I feel like scrum gives a lot of benefits from the top end of the organization
-- it generates predictable results, there's a clear schedule of development,
who's working on what. From leadership perspective, it feels clean and
productive.

From the bottom, the perspective of devs actually doing the work, it feels
more like a cog in a machine more than anything. After running on scrum for a
while, it feels like you only matter for completing the tasks set up for you
this week, and you start to only focus on that and not anything else in the
business.

It's entirely possible that I've simply had bad experiences in companies
running scrum, and had good experiences in companies not running scrum --
"correlation not causation".

I feel like in the instances I've been in where scrum was used, it may have
been used as a process to fix other issues in the company/business, like the
business not growing and needing to hit more aggressive schedules, or poor
codebase structures or team structures causing development to be a pain and
the company using scrum processes to solve that (translation: speed things
up), etc.

I'm currently at an org that doesn't use scrum. We just do daily standups; and
with a mature team, everyone knows what they are working on; we don't have a
project manager breathing down our necks for status updates every day. Dev
work is pleasant because code structures and team structures are good, the
company/business is doing well so we're not in constant pressure to
aggressively churn out more features more and more quickly. This is a huge
contrast with a previous place (similar team size -- 15~20 devs), where the
business wasn't going well (relatively flat growth), and leadership wanted
more effective ways for the dev/product team to get out more big features more
quickly.

------
tucaz
I believe that you will see the value of it when the company actually uses it
and not something they are calling scrum.

Tasks can’t be locked once they are not necessary anymore. The timebox idea of
freezing work for a week is about “requirements” and not tasks. The goal is to
have a somewhat stable target at least for that sprint.

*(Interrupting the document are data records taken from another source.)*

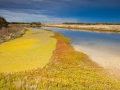 Ile de Ré: marais salants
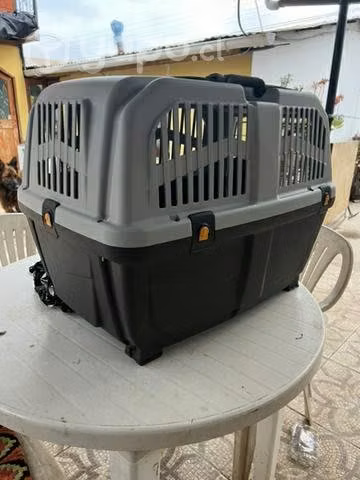 Canil transporte de mascotas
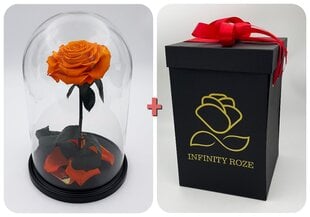 Роза в колбе L, Оранжевая (30 см выс. / 19 см шир.) + Коробка с Вау-эффектом цена и информация | Спящие стабилизированные розы, растения | pigu.lt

Working with stakeholders directly is one of the reasons agile methos were
“created”. If you can’t collaborate with people who care and know about the
project you are doing it wrong.

The duration of the meeting or doing it or not is not set in stone. These are
initial guidelines and the team should adapt once everybody is familiar with
what they should do.

Here is the thing, the basic layout of any agile process is to “teach” people
to do what they would naturally do if they cared about their work:
collaborate, work together on problem solving and help each other.

Once that part is achieved, the initial process doesn’t need to be followed
anymore as long as the values are kept.

From your story it seems like none of that is being done and that why you see
no value.

------
realusername
I've also been in a company where they apply scrum very strictly. In my
opinion Scrum is a very good option when you are in a big company and you
already have older and heavier processes than Scrum like a V-Model, compared
to that, Scrum is a big step forward. However, on a startup it's clearly too
heavy to follow for my personal taste. You have a lot of easier to follow
agile methods.